Holy crap, it’s January. Another year has passed by, and I have been awol on an unplanned hiatus from blogging. I have planned on writing many times. I actually had planned it out in my planner, but I just couldn’t get myself to sit down and actually put my fingers to the keys.
It’s been a rollercoaster the last couple of months. The ride started maybe a week after my last post. Baby girl and I got up after sleeping in. We did our usual routine of getting her changed and dressed. We headed out to the living room and I went to turn the tv on while I made us some lunch. I noticed our cat Spaz partly under the couch. I thought he was playing with a toy or something and I noticed his tail was all fluffed up. I stepped over him and gave him a little nudge with my foot and then I knew something was wrong. He was stiff.
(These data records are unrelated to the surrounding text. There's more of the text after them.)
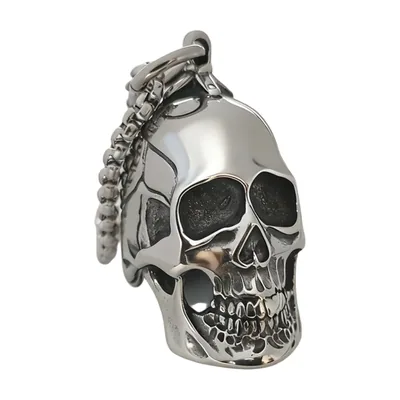 Totenkopf Anhänger mit Kugelkette, Edelstahl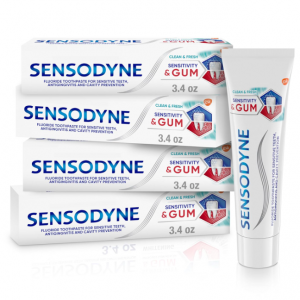 史低价：Sensodyne 牙龈敏感专用牙膏 3.4oz 4支装 @ Amazon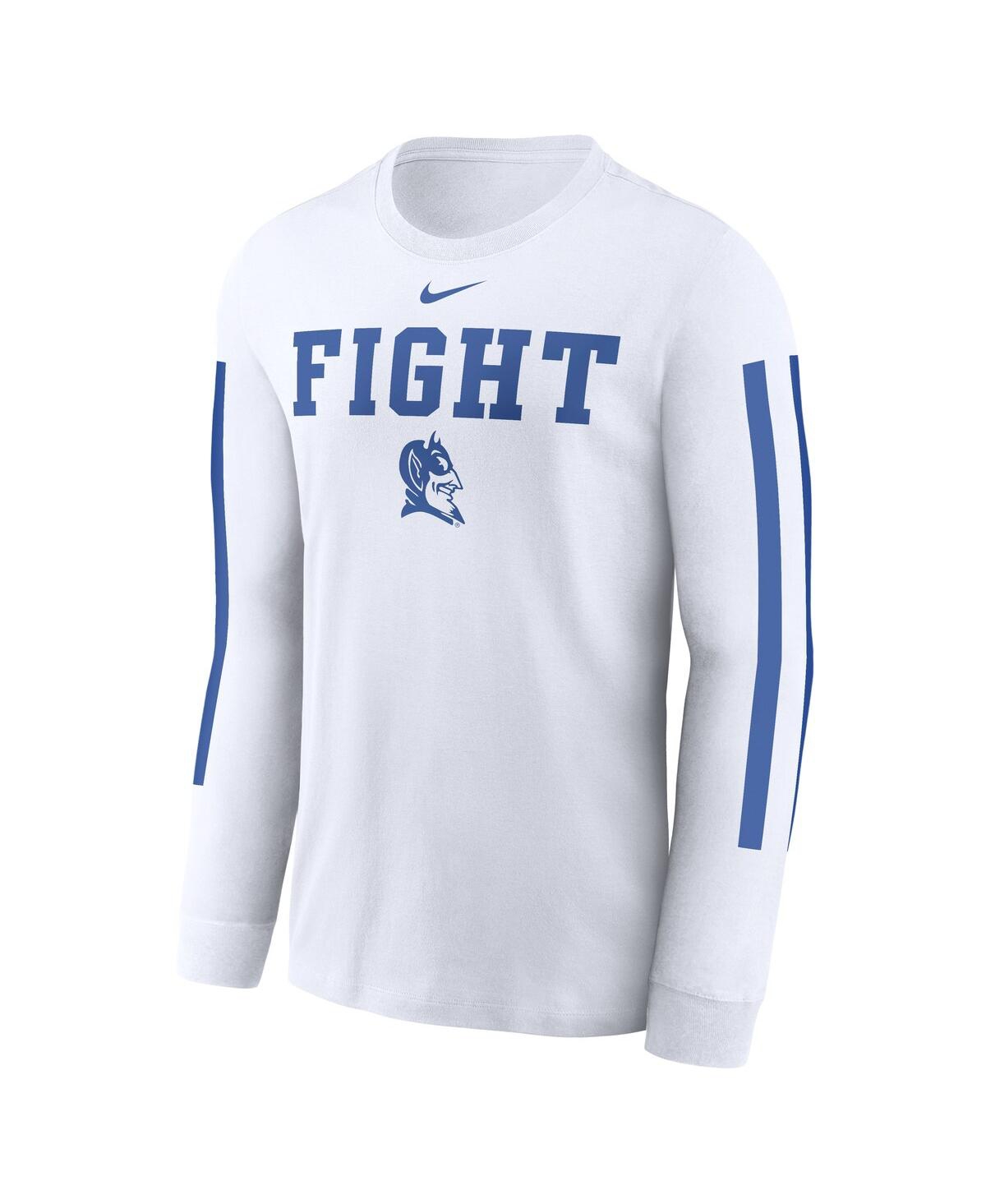 Nike Men's White Duke Blue Devils Local Spirit Slogan Long Sleeve T-shirt In White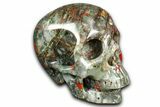 Realistic Bloodstone (Heliotrope) Skull - South Africa #382167-1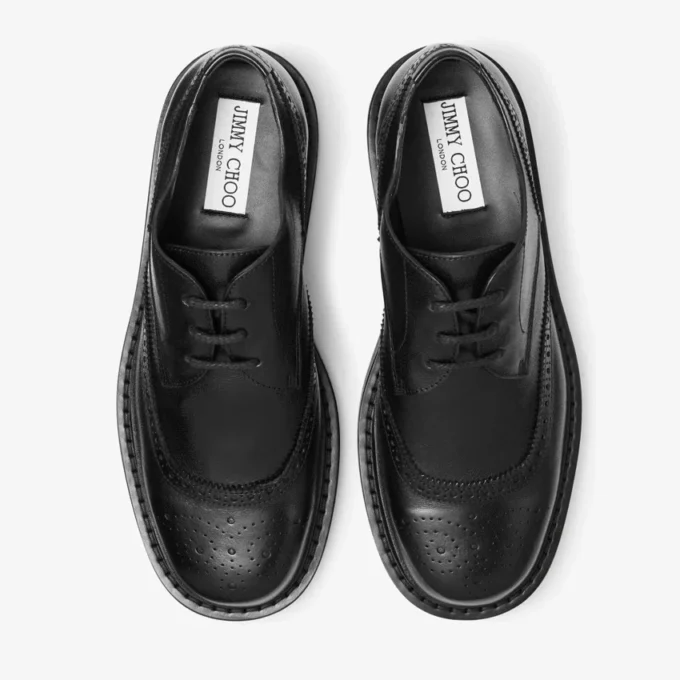 Mocasini Rowan Brogue Derby din piele vintage neagră Mocasini Rowan Brogue Derby din piele vintage neagră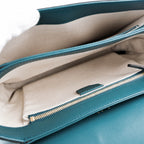 Gucci Horsebit 1955 Small Shoulder Bag in Imperial Blue and Pavone Green Leather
I immediately froze. I stood there staring at him looking for him breathing, but it didn’t happen. I went straight back to the bedroom with Evie and called Spooky, our other cat, in with us and shut the door. I called my husband, who was on his lunch break and told him that I though Spaz had died. I was shaking and having a hard time staying calm. He headed home and I sat on our bed with Evie and cried.
When D came home he check him and confirmed that he had passed. He was very upset. That was his baby, afterall. We don’t know what happened. He was acting like his normal self the night before. He hadn’t had any illnesses and he wasn’t very old (6 years old). D saw him before he left for work at 6am and he appeared to be fine. We think he may have had a heart attack, but we will never know. I feel so bad that there may have been something wrong that we didn’t know about, and maybe he would still be around had he been treated.
It took awhile to adjust to Spaz being gone. I kept a close eye on Spooky for a long time to make sure he was OK and was coping with the loss. I will admit that I was a bit traumatized by the whole thing and avoided sitting on the couch near where his body was for awhile. I have lost pets in the past, but never like that.
So, that basically started out the crazy last few months. Many unexpected things were thrown our way, both good and bad. It has been stressful, that’s for certain. I have much more to share about, but that will have to wait a little longer as my battery is almost dead.